Visual perspective taking may rely on the ability to mentally rotate one’s own body into that of another. Here, we test whether participants’ ability to make active body movements plays a causal role in visual perspective taking. We utilised our recent task that measures whether participants spontaneously represent another’s visual perspective in a (quasi-)perceptual format that can drive own perceptual decision making. Participants reported whether alphanumeric characters, presented in different orientations, are shown in their normal or mirror-inverted form (e.g., “R” vs. “Я”). Between trials, we manipulated whether another person was sitting either left or right of the character and whether participants’ movement was restricted with a chinrest or whether they could move freely. As in our previous research, participants spontaneously took the visual perspective of the other person, recognising rotated letters more rapidly when they appeared upright to the other person in the scene, compared with when they faced away from that person, and these effects increased with age but were (weakly) negatively related to schizotypy and not to autistic traits or social skills.

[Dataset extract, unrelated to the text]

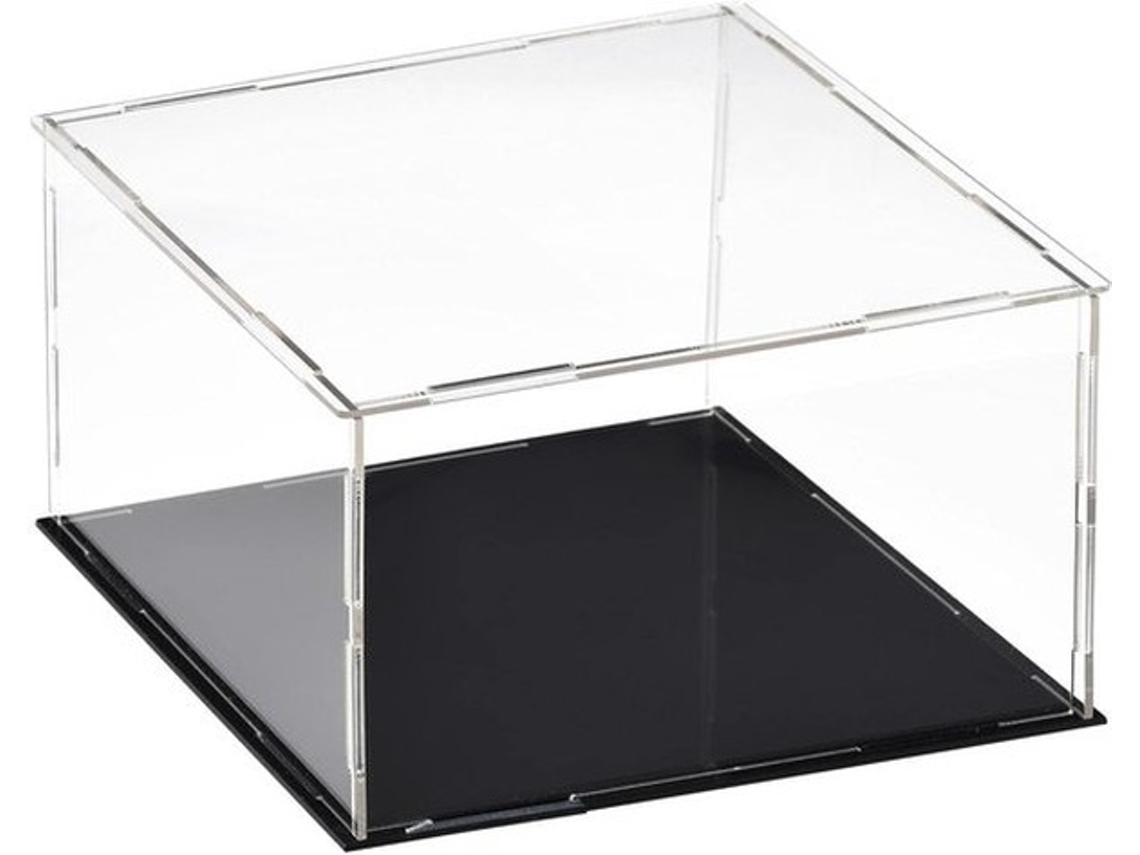 Vitrine Para Ação 20 X 20 X 10 Cm - Design Transparente - Base Preta - Proteção Contra Pó - Showcase Para Ações - Fácil De Montar - Caixa De Exibição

Restricting participants’ ability to make active body movements did not influence these effects. The results, therefore, rule out that active physical movement plays a causal role in computing another’s visual perspective, either to create alignment between own and other’s perspective or to trigger perspective taking processes. The postural adjustments people sometimes make when making judgements from another’s perspective may instead be a bodily consequence of mentally transforming one’s actual to an imagined position in space.

Item Type: Article
Additional Information: Funding Information: The author(s) disclosed receipt of the following financial support for the research, authorship, and/or publication of this article: E.W. was funded by a PhD student grant from the University of Plymouth. Publisher Copyright: © Experimental Psychology Society 2022.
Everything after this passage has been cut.